Emo woman happy to drive area’s first fully-electric vehicle

Nicholas Donaldson

Yoyen Szeder’s reason for buying a KIA Soul EV, the first fully-electric car in this area according to her insurance agent, was fairly straightforward.
“So I can save gas,” she said.
Szeder bought the vehicle at the beginning of August from a dealership in Thunder Bay and has been very happy with it ever since.
“I like it because it’s quiet inside, my kids love it, and I don’t need to change oil or anything,” she told the Times last week.
“Sometimes with the van, I would forget to put oil in or this or that,” Szeder noted.
“This is just less maintenance.”
Szeder said the car has a range of 160 km, which is fine for her because she mostly uses it to get from her home in Emo to work at Young Star House in Chapple.
“I haven’t tried it in the winter yet so that is going to be interesting because they said when it’s cold, [the range] can drop down like 40 percent,” she conceded.
Szeder charges her car with a 120-volt cord, which she could do at home but prefers to do at work.
“My employer supports the electric vehicles, too, so I can charge anytime I want at work and it is free,” she remarked.
Szeder said she can go into work, plug in, and get free power without having to worry about it.

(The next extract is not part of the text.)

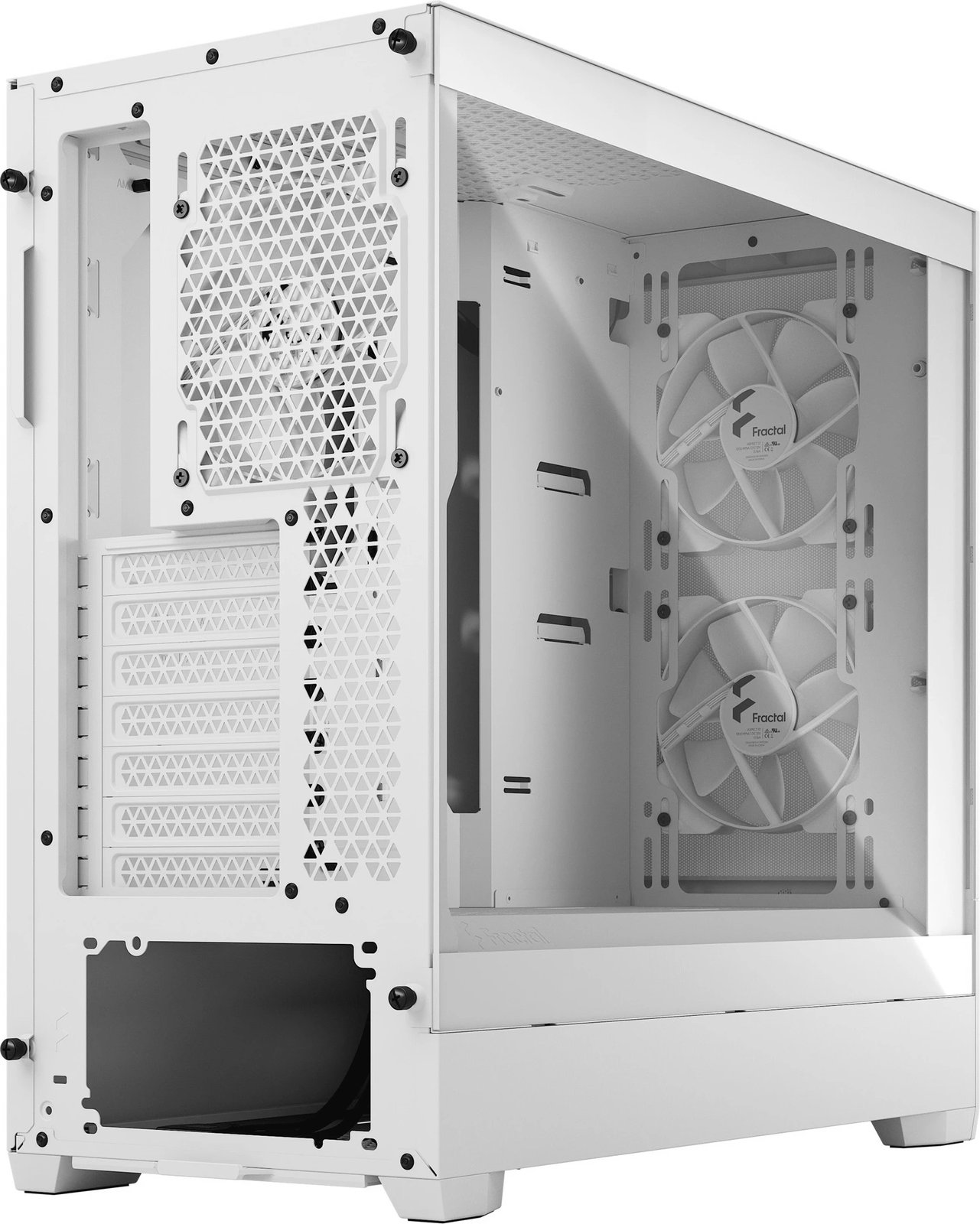 Kasë Fractal Design Pop Air, Tower, ATX, micro ATX, Mini-ITX, bardhë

It’s almost like getting free gas.
“I think it’s a good thing when the employer supports it because my employer announced it to all the workers and now quite a few people are interested,” she added.
Szeder said with the driving she does, she only needs to charge the vehicle once every couple of days. But sometimes she will do it more frequently just because of the convenience of doing it while she’s at work.
Inside the car, instead of a conventional gas gauge, the car gives the number of remaining kilometres, which Szeder said she has to watch carefully but hasn’t had any problems yet.
“I don’t know about winter,” she admitted. “That’s why we didn’t get rid of the van yet so that we have it if there is ever trouble.
“I told my friend, ‘If you get an electric, get the higher range because then you just charge once a week,'” she recalled.
Szeder noted she did look at other models before choosing the KIA Soul, with the Chevrolet Volt being one of the main options.
She said although it did have a larger range, it wasn’t as spacious inside and wouldn’t fit her three children comfortably.
“I also looked at the hybrid one from KIA but for me, I am mostly driving over 50 [km/h] so it doesn’t benefit me,” Szeder said, explaining that once the hybrid reaches 50 km/h, it switches over to gas.
“I think the hybrid is good for the city because you are usually driving slower, but I go speeding on the highway to work,” she laughed.
Although the car was purchased from a dealership in Thunder Bay, Szeder said she can take it to Dave Goodman Automotive (the KIA dealership in Emo) for maintenance.
Szeder said she believes fully-electric cars will become popular in the future despite some hesitations.
“I think people are still kind of scared but for me, I just wanted to save money,” she reasoned.
“A new vehicle is not a luxury, I needed one,” she stressed. “So I looked at how much it cost and the government grant and thought, ‘I should take advantage of it.'”
Szeder added she’s been telling her friends that if they need a new vehicle to try electric as the vehicle has worked well for her.
“I’m starting to have two jobs now and going to Fort, then to Emo and to Young Star costs too much money for gas,” she noted.
“Now I don’t feel it and money I would use for gas goes into other payments,” she said.